Problem is in some instances the state capital is not necessarily worth serving other than for symbolic or political reasons. For example here in Maine the capital Augusta is only the 9th largest city in a fairly rural state and although extending the Downeaster would not be terribly difficult it wouldn't be worth it unless part of a project to go further to Waterville and Bangor. We don't even have service yet to Lewiston and Auburn the 2nd and 4th largest respectively so those cities would matter more than Augusta.


----------



## Joe from PA (Mar 29, 2022)

MARC Rider said:


> Serving Dover, Delaware would actually be a good use of government transportation funds. They spent a lot of money on the "new" freeway paralleling US 13 that connects Wilmington with Dover and the seashore points south. It's been 20 years since I spent a lot of time on Delmarva, but there was a lot of growth and traffic back them, and I can only imagine that there's been more since. The service could be a Northeast Region branch line similar to the various Virginia extensions to the NEC. I would probably run it south, with two branches, one to Salisbury, the other to Lewes/Rehobeth Beach and Ocean City. Surprisingly, there are a lot of people who live down by the ocean year-round.

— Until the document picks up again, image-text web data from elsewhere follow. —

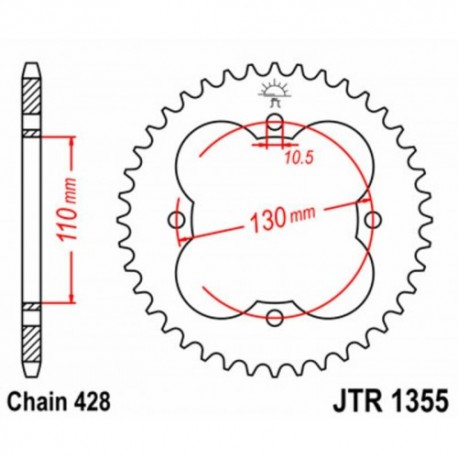 Couronne JT SPROCKETS JTR1355 50 dents - pas de 428 acier carbone C49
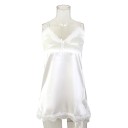 Damsk nattlinne med spets och slits Elegant enfärgad nattlinne med V-ringning Lätt polyester Fin nattmode Olika färger 6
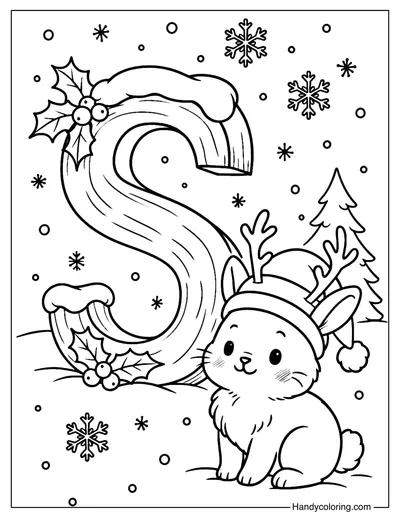Letter S Christmas Snow Bunny Coloring Page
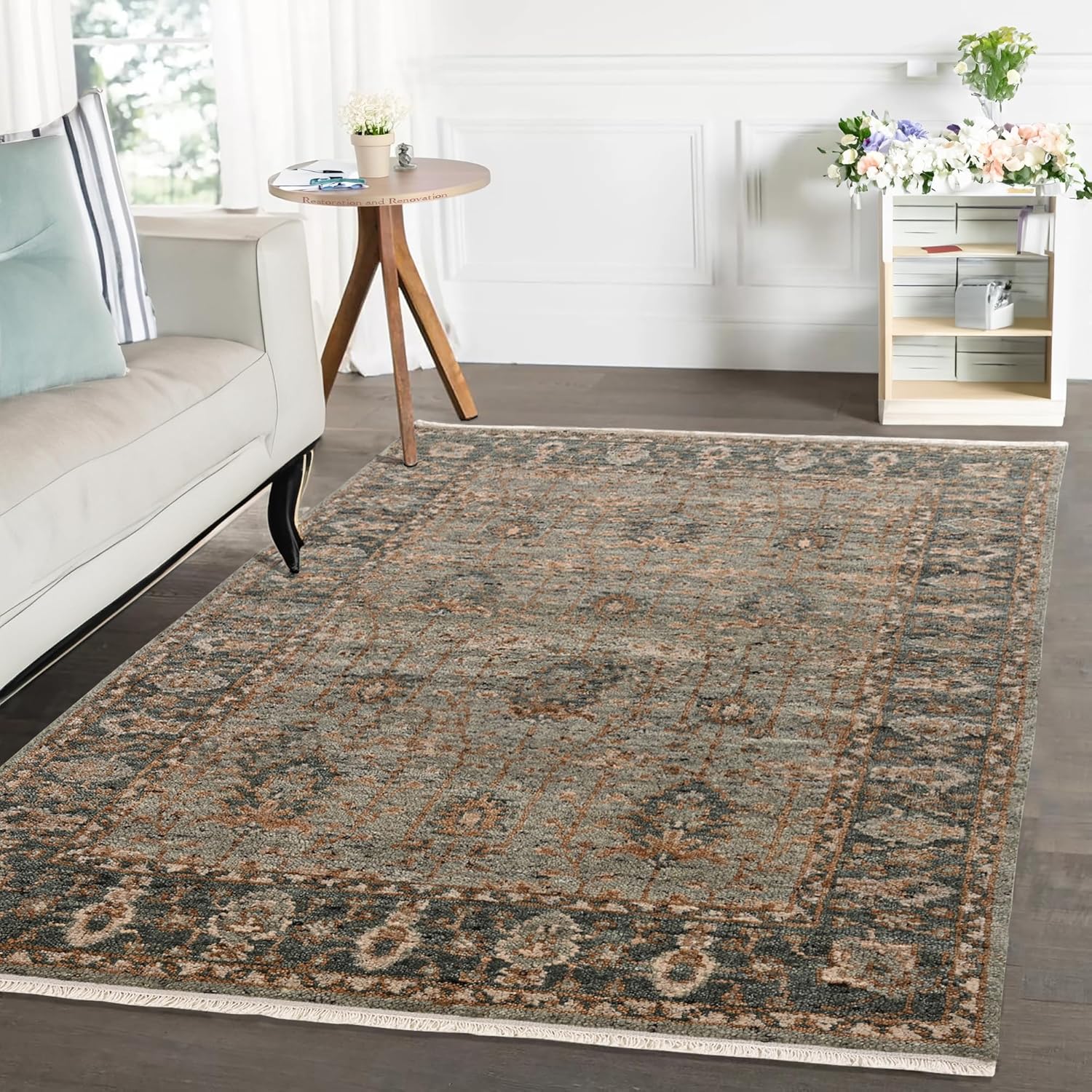 Hand Knotted Wool Oushak Area Rug, Green Copper Heathered Pattern, Traditional Floral Design Carpet for Bedroom, Living Room & Dining Room (Green Copper, 12' x 15')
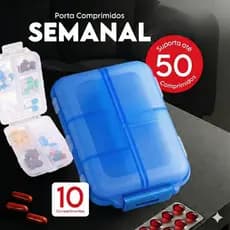 Porta Organizador Comprimido Vitamina Remédio Estojo Semanal Portátil 10 Compartimentos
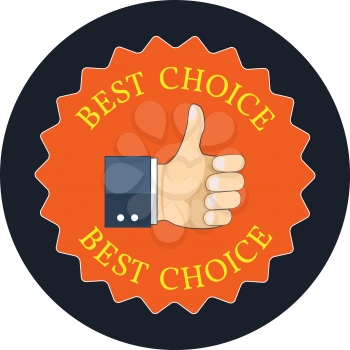 Best choice symbol concept. Flat design. Icon in black circle on white background
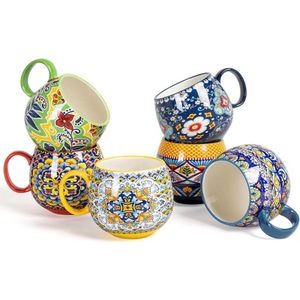 Cappuccino kopjes set 600ml porseleinen koffiekopjes met handvat 6 stuks voor thee koffie melk cappuccino - Boheemse stijl met patroon kleurrijk koffiekopjes set van 6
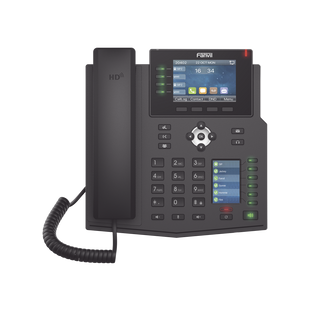 Teléfono IP Empresarial con Estándares Europeos, 16 líneas SIP con pantalla LCD a color 3.5", 30 teclas DSS/BLF, puertos Gigabit, IPv6, Opus y conferencia de 3 vías, PoE/DC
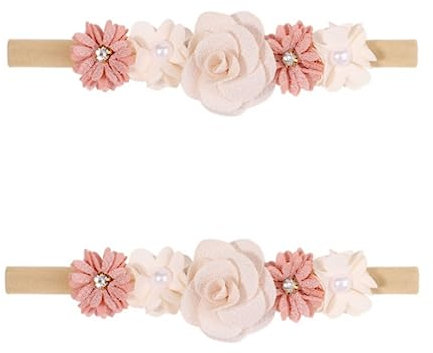 2 StückBaby Mädchen Nylon Stirnbänder Blume elastisches Haarband Schleifen Haarschmuck für Neugeborene Kleinkinder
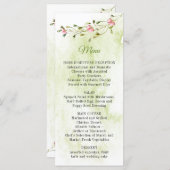 Botanische Roze Bloemen Waterverf Wash Menu (Voorkant / Achterkant)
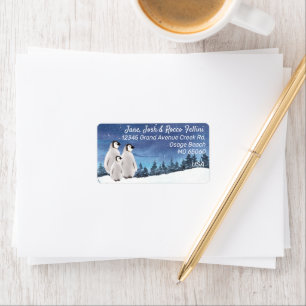 Winterszene mit Pinguinadresse Adressaufkleber
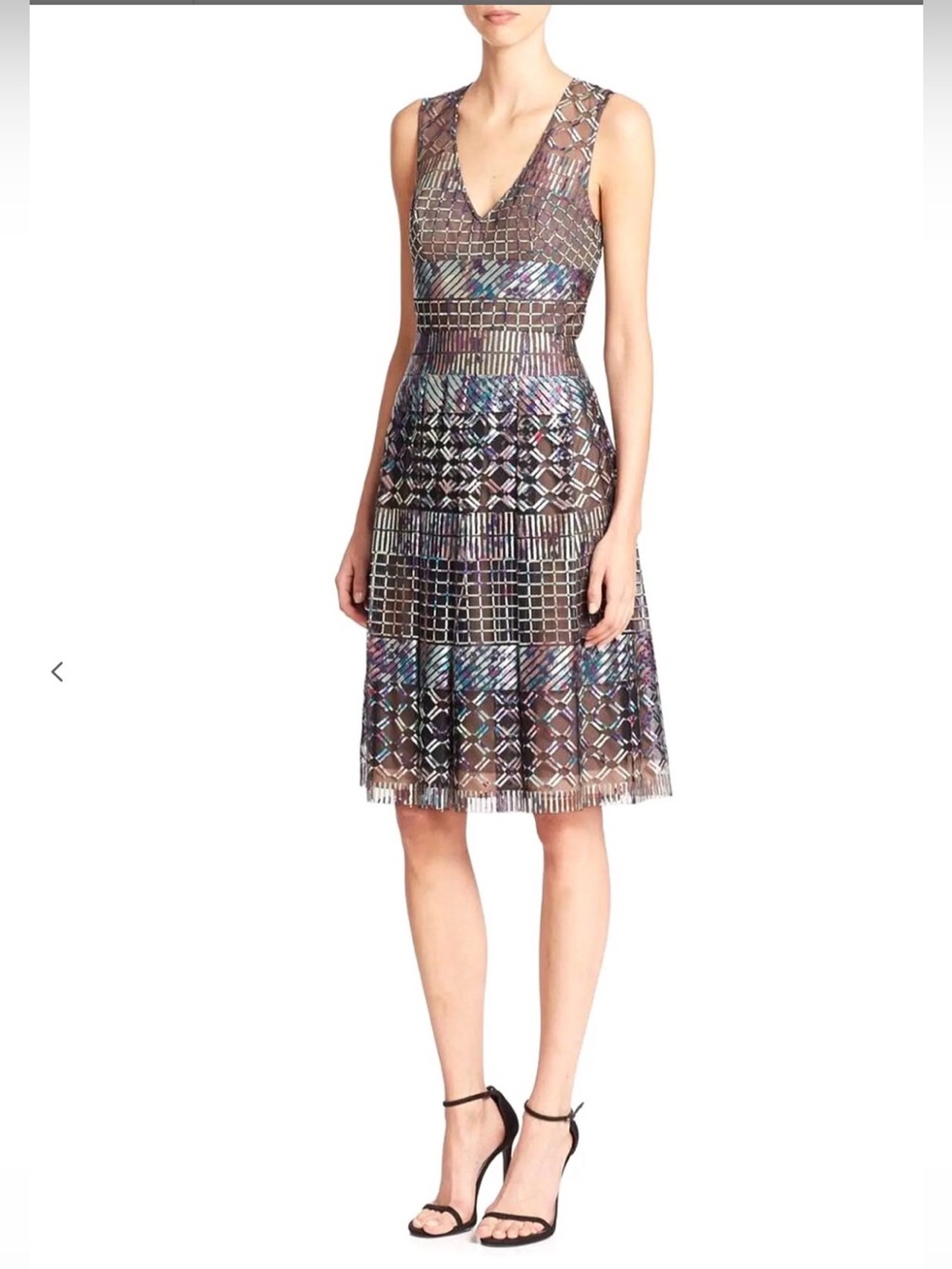 BCBGMaxAzria Iridescent Purple & Silver Sleeveless V-Neck Midi Dress
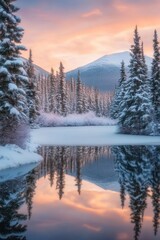 Obraz premium Beautiful majestic landscape with snow covered forest and lake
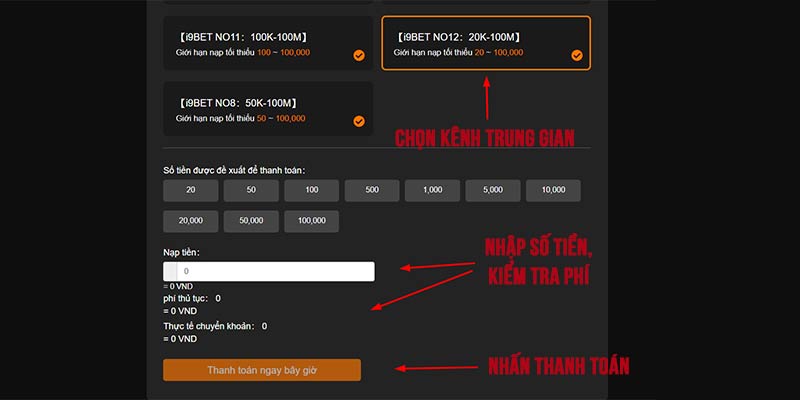 Hướng dẫn chuyển khoản ngân hàng để nạp tiền i9bet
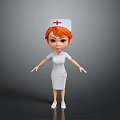 3D Nurse Character With Red Hair White Uniform And Red Cross Cap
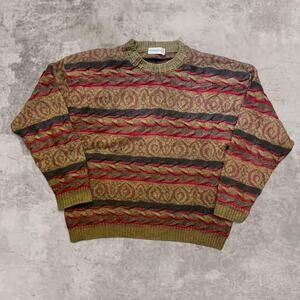 Gianni Bugli Milano Mohair Wool Sweater Coogi Style Italy XL Quiet Luxury 56 Red
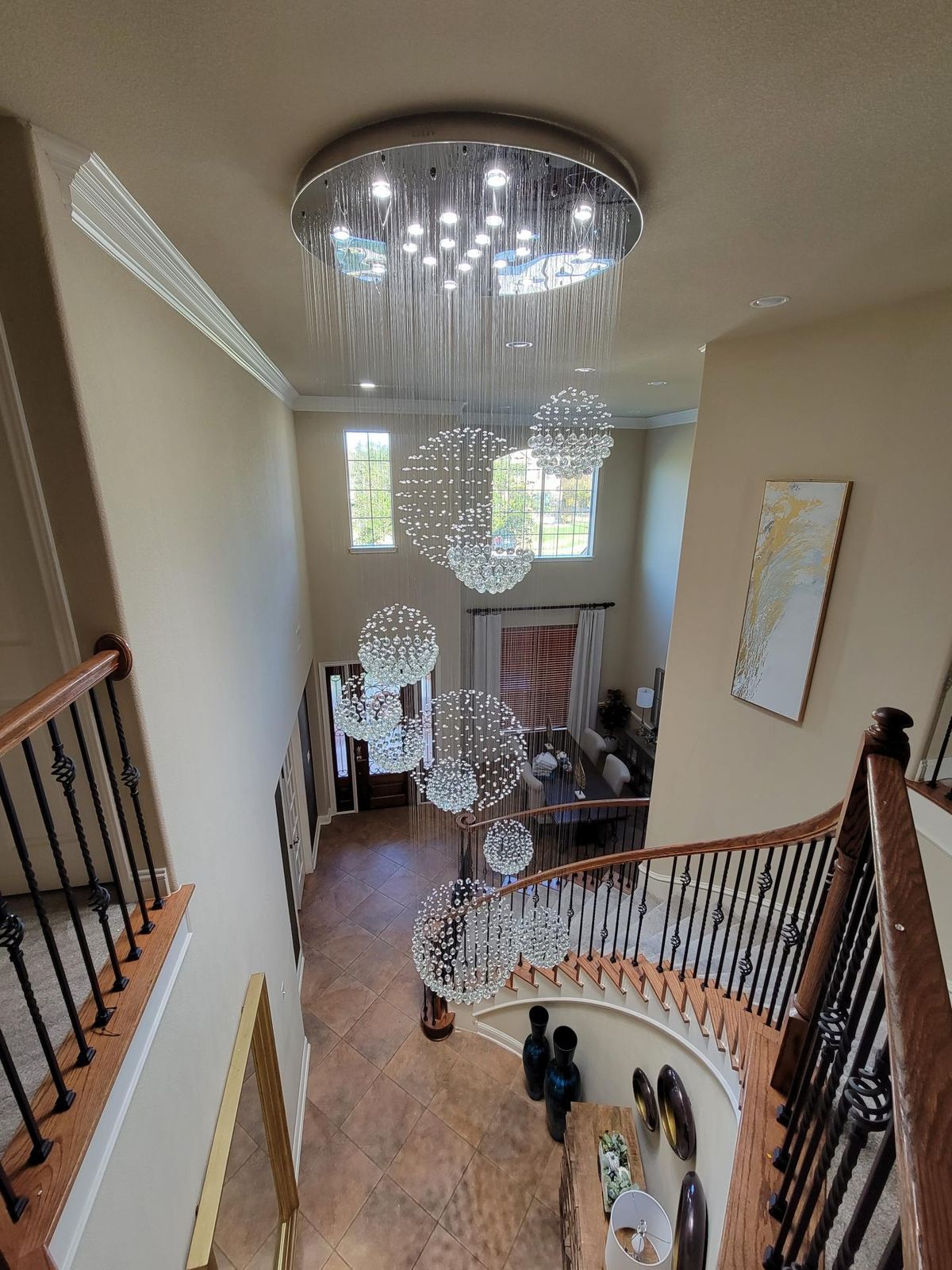 Stately Duplex Crystal Chandelier Spiral Raindrop Globe Shape Ceiling Hanging Light for Entryway/Staircase-MEET LIGHTING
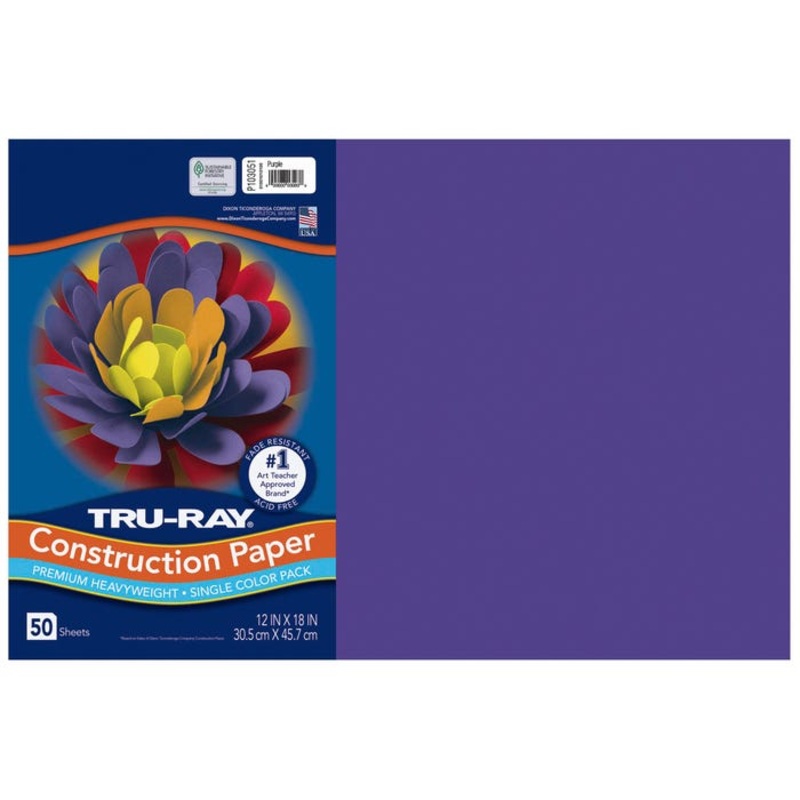 Tru-Ray Sulphite Construction Paper, 12 x 18 Inches, Purple, 50 Sheets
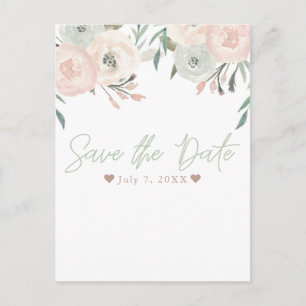 Carte Postale Faire-part Pink & Sage Mint Vert Floral moderne Enregistrer l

We have a second home in Lewes, Delaware...a 45 minute drive south of Dover. Back around 1915, a RR line did run from MD to Lewes and Rehoboth Beach. The area has become a retirement "hot spot", in part due to very low real estate taxes plus no state sales tax.


----------



## Joe from PA (Mar 29, 2022)

jpeterson said:


> As an Annapolitan, I would _*love*_ this.



That is where the Lewes/Rehoboth RR started back in the early 1900s. The ferry went to the RR station.

A link to this: www.goldenageofrehoboth.com


----------



## daybeers (Mar 29, 2022)

Joe from PA said:


> We have a second home in Lewes, Delaware...a 45 minute drive south of Dover. Back around 1915, a RR line did run from MD to Lewes and Rehoboth Beach. The area has become a retirement "hot spot", in part due to very low real estate taxes plus no state sales tax.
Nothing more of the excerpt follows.